Can Solar Pannels Generate Sufficient Power in England?
Yes. Solar power can generate sufficient energy to power a complete house off grid and even to sell it back to the grid. Many people in the UK have done this (although it hasn't been well documented), for example CAT - Center of Alternative Technology, based in Wales, they have enough power to run an entire center and also to sell back to the grid.
The misunderstanding comes from what the general public see as solar pannels, for example you can buy for about £20 pounds a solar pannel designed to trickle charge a car battery, well i have tried it and it doesn't even light an LED (20mA)! Any solar pannel less than about 80W are usually intended for very low power applications and often with efficiencies of 7%-10% or less, ie for every 1000W of solar light only 70W is possibly converted. However, the industrial pannels starting at about 80W and going up to typically 200W, these can generate some serious power, and when configured into an array, then it can generate several kilowatts of power, sufficient for an entire house. It is generally good to complement solar and wind together.

The following describes some issues you may wish to consider when deciding which type of system to install.

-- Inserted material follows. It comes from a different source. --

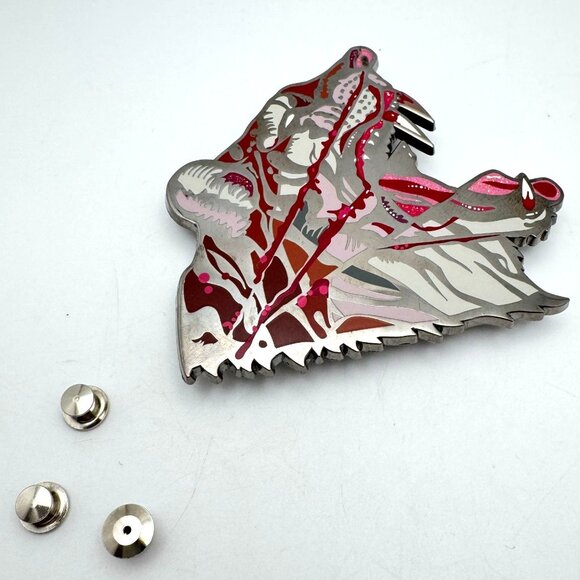 Almost Amusing x Dave Correia Large Enamel Pin Pink Bloody Tiger Rare - Picture 6 of 13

PLEASE NOTE: Although i have layed out some basic points, i strongly recommend that if anyone decides to install a kit or any form of power generation equipment, check with an approved and qualified electrician that all the regulation requirements have been satisfied in the installed equipment and all wiring is complient with current safety standards.
Unfortunately tonight i have just heard on the radio that by the beginning of year 2005, there could be a new law in the uk, banning anyone installing their own electrics. I don't know if this only applies to grid tied installations or not, but this needs to be carefully looked at if you are thinking of installing your own system. I will be updating this web site as when i know more.



1. How to size up your system.
The first issue that needs to be evaluated is 'Sizing the System'. Independant of whether you are installing yourself or using a company to install, sizing the power requirements is needed to evaluate how much power is required to be generated.

Calculate the kWh power required for each applience.

example
	a) 1000W hairdryer used for 1 hour
	=> 1000 x 1 = 1000WattHour (1000W=1kW)
	b) 500 flood light used for 40 min
	=> 500 x (40min/60min) = 333WattHours = 0.33kWh

alternatively use this calculator:

Energy Required by Applience
Enter the applience power (watts)
Enter time applience is on for (mins)
Energy Required From Solar Pannels
Power in kWh

2. Which way now?
There are three methods of installing.

a) Professional installation.
If your not particularly technically minded, then this is probably the best option. A few things to think about.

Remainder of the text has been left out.